■ **To do**:
Set down every line of the data exactly, skipping the pictures.

■ **Data extract**:
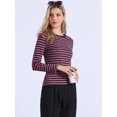 thumbnail image 4 of DARING DIVA Women's Striped Long Sleeve Cotton Crew Neck Fitted Tees XS Pink Stripe, 4 of 6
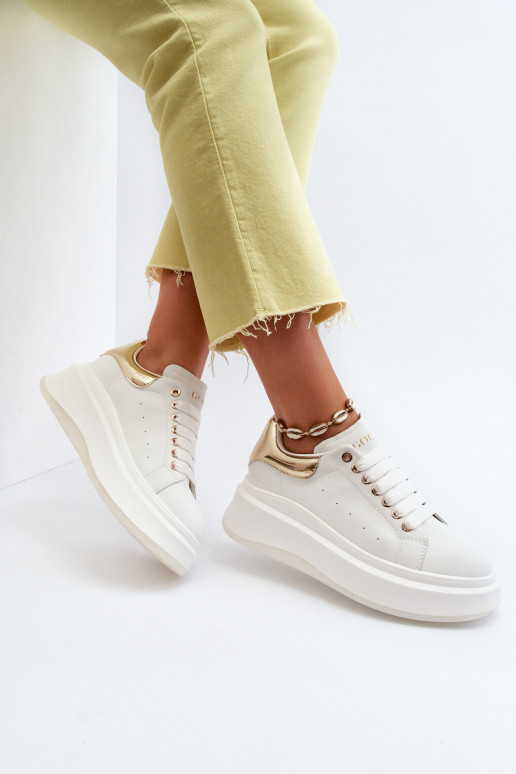 Zapatillas de cuero para mujer GOE NN2N4031 blancas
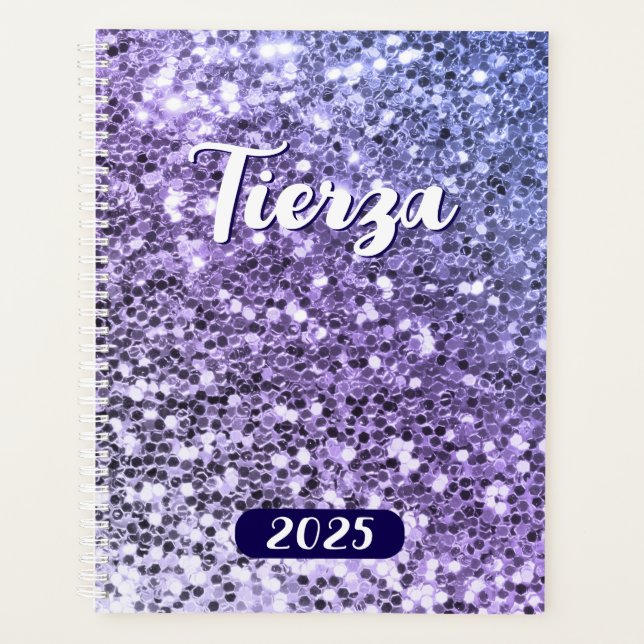 Blue Purple Ombre Chunky Glitter Personalised 2025 Planner (Front)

■ **Response below**:
 thumbnail image 4 of DARING DIVA Women's Striped Long Sleeve Cotton Crew Neck Fitted Tees XS Pink Stripe, 4 of 6
 Zapatillas de cuero para mujer GOE NN2N4031 blancas
 Blue Purple Ombre Chunky Glitter Personalised 2025 Planner (Front)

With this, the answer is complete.